Radio Sputnik’s Loud and Clear spoke with Alberto Garcia Watson, former senior Middle East correspondent for HispanTV, about Del Ponte’s resignation and the progress being made by Syrian government forces pushing back the rebellious terrorist organizations.
Watson explained that as head of the human rights commission during the Syrian conflict, Del Ponte had faced a lot of ups and downs. "We heard the narrative we heard in Libya, from March 2011 we heard that [Syrian President Bashar] al-Assad was allegedly bombing and killing his people. We heard the same about [deceased Libyan leader Muammar] Gaddafi in Libya, we hear now the same thing about [Nicolas] Maduro in Venezuela."
The conflict "is being won by Syrian forces with the help of the Russians, and not much more, because to be honest the American intervention is making more of a mess," he said. To illustrate, Watson pointed to the use of white phosphorus munitions by US forces during a June operation in the Daesh stronghold of Raqqa, which killed 30 civilians.
The journalist told Loud & Clear that Del Ponte resigned because she was "absolutely exhausted" after eventually seeing that "the United Nations is playing a role that is not finding any solutions in this conflict."
Sputnik news analyst Walter Smolarek, sitting in for host Brian Becker, offered that the white phosphorus incident "undercuts one of the key narratives that we’ve seen in the Western media and coming from Western capitalists over the course of this war, which is the narrative of 'The people versus the evil dictator.'"
He added that another narrative typically used to justify US intervention in Syria is the dynamic of "moderate rebels" versus "extremists," and asked Watson if this was a real dynamic or an invention of the West.
"I’ve been to Syria several times, and when you talk to the Syrians about moderate rebels and extremist rebels, they laugh. They laugh because there’s no such thing as moderate rebels," Watson replied.
He highlighted an incident from 2013 where a commander from the Free Syrian Army, funded and trained by the US, cut the heart out of a Syrian soldier and ate it on camera.
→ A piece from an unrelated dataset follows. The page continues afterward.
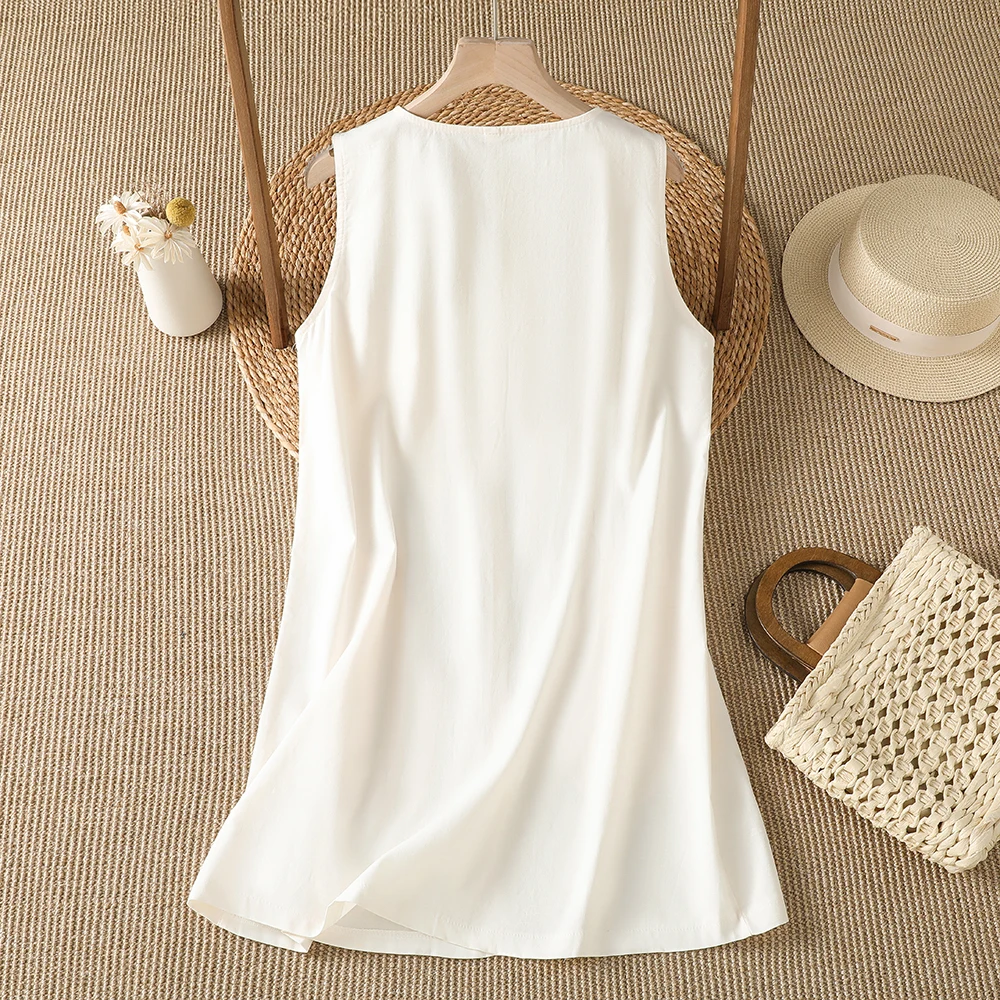Elegant Loose Lazy Style Long Sleeveless Vest Top Women Pure Color Mid-Length Pure Color Butt Cover High Quality Cotton Nylon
There was another incident the same year in which FSA soldiers shot down a helicopter, decapitated the occupants and grilled their heads.
"This proves that most of the groups are extremists," Watson asserted. "It’s ridiculous to talk about moderate and extremists: at this point most of them are terrorists and mercenaries that have been brought into Syria for the interests of other nations, especially the gulf monarchies of Qatar and Saudi Arabia."
"No one has invited the United States in this conflict," he pointed out. "They should let the Syrians decide their future and let the Arab Syrian Army, which is the only legitimate army, to operate there."